Re: How to Map and Reduce in sparkR

2015-06-25 Thread Eskilson,Aleksander
The  simple answer is that SparkR does support map/reduce operations over RDD’s 
through the RDD API, but since Spark v 1.4.0, those functions were made private 
in SparkR. They can still be accessed by prepending the function with the 
namespace, like SparkR:::lapply(rdd, func). It was thought though that many of 
the functions in the RDD API were too low level to expose, with much more of 
the focus going into the DataFrame API. The original rationale for this 
decision can be found in its JIRA [1]. The devs are still deciding which 
functions of the RDD API, if any, should be made public for future releases. If 
you feel some use cases are most easily handled in SparkR through RDD 
functions, go ahead and let the dev email list know.

Alek
[1] -- https://issues.apache.org/jira/browse/SPARK-7230

From: Wei Zhou zhweisop...@gmail.commailto:zhweisop...@gmail.com
Date: Wednesday, June 24, 2015 at 4:59 PM
To: user@spark.apache.orgmailto:user@spark.apache.org 
user@spark.apache.orgmailto:user@spark.apache.org
Subject: How to Map and Reduce in sparkR

Anyone knows whether sparkR supports map and reduce operations as the RDD 
transformations?
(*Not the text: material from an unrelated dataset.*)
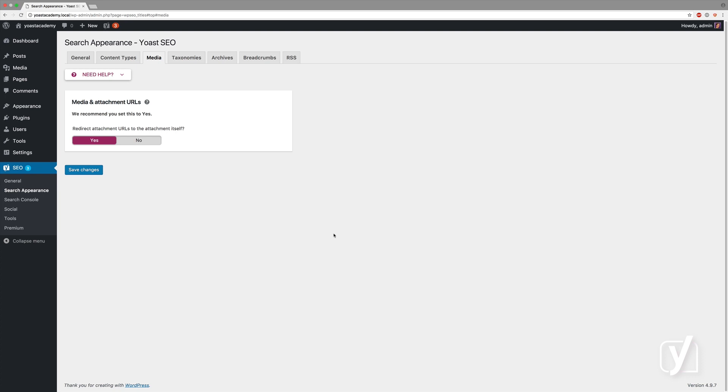These attachment URLs are not useful in 99.5% of websites, which is why we have a setting that is default on for everyone, that says redirect attachment URLs to the attachment itself.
Thanks in advance.

Best,
Wei

CONFIDENTIALITY NOTICE This message and any included attachments are from 
Cerner Corporation and are intended only for the addressee. The information 
contained in this message is confidential and may constitute inside or 
non-public information under international, federal, or state securities laws. 
Unauthorized forwarding, printing, copying, distribution, or use of such 
information is strictly prohibited and may be unlawful. If you are not the 
addressee, please promptly delete this message and notify the sender of the 
delivery error by e-mail or you may call Cerner's corporate offices in Kansas 
City, Missouri, U.S.A at (+1) (816)221-1024.
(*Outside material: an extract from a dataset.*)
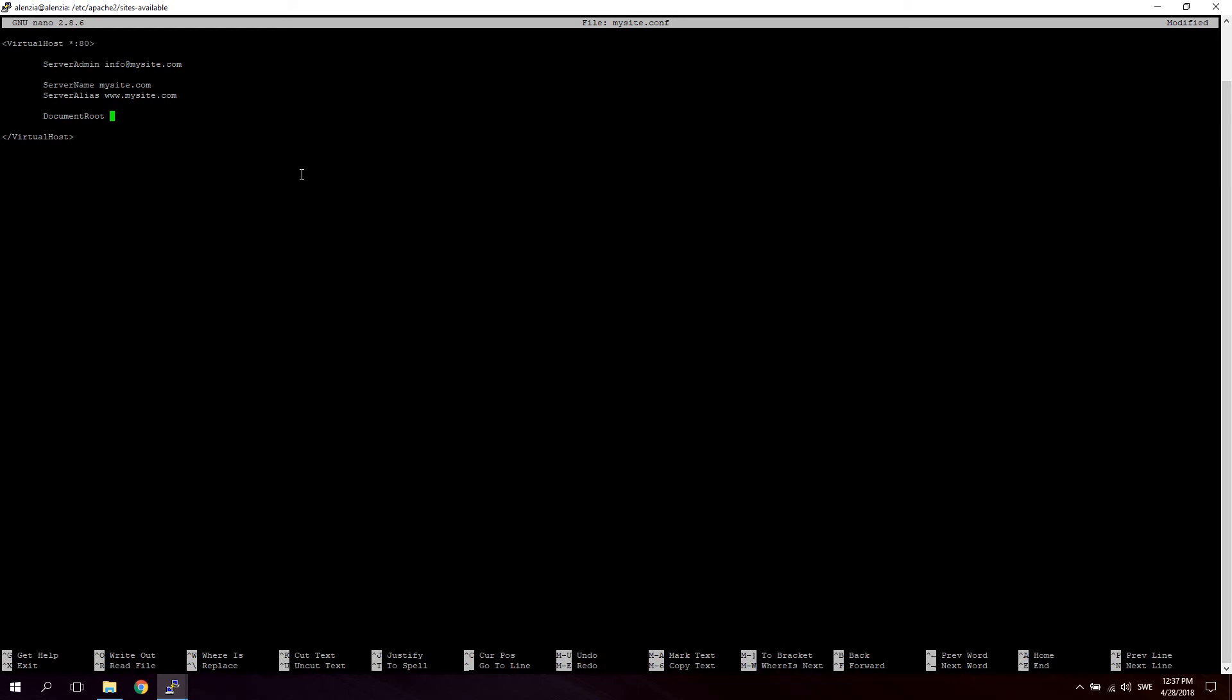So let's say DocumentRoot /var/www/mysite. Now this requires you to have a folder called mysite inside the /var/www directory in order for this to work. And just to try it out, you can just place an index.html file inside the mysite folder.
Re: How to Map and Reduce in sparkR

2015-06-25 Thread Shivaram Venkataraman
In addition to Aleksander's point please let us know what use case would
use RDD-like API in https://issues.apache.org/jira/browse/SPARK-7264 -- We
are hoping to have a version of this API in upcoming releases.

Thanks
Shivaram

On Thu, Jun 25, 2015 at 6:02 AM, Eskilson,Aleksander 
alek.eskil...@cerner.com wrote:

  The  simple answer is that SparkR does support map/reduce operations
 over RDD’s through the RDD API, but since Spark v 1.4.0, those functions
 were made private in SparkR. They can still be accessed by prepending the
 function with the namespace, like SparkR:::lapply(rdd, func). It was
 thought though that many of the functions in the RDD API were too low level
 to expose, with much more of the focus going into the DataFrame API. The
 original rationale for this decision can be found in its JIRA [1]. The devs
 are still deciding which functions of the RDD API, if any, should be made
 public for future releases. If you feel some use cases are most easily
 handled in SparkR through RDD functions, go ahead and let the dev email
 list know.

  Alek
 [1] -- https://issues.apache.org/jira/browse/SPARK-7230

   From: Wei Zhou zhweisop...@gmail.com
 Date: Wednesday, June 24, 2015 at 4:59 PM
 To: user@spark.apache.org user@spark.apache.org
 Subject: How to Map and Reduce in sparkR

   Anyone knows whether sparkR supports map and reduce operations as the
 RDD transformations? Thanks in advance.

  Best,
 Wei
CONFIDENTIALITY NOTICE This message and any included attachments are
 from Cerner Corporation and are intended only for the addressee. The
 information contained in this message is confidential and may constitute
 inside or non-public information under international, federal, or state
 securities laws. Unauthorized forwarding, printing, copying, distribution,
 or use of such information is strictly prohibited and may be unlawful. If
 you are not the addressee, please promptly delete this message and notify
 the sender of the delivery error by e-mail or you may call Cerner's
 corporate offices in Kansas City, Missouri, U.S.A at (+1) (816)221-1024.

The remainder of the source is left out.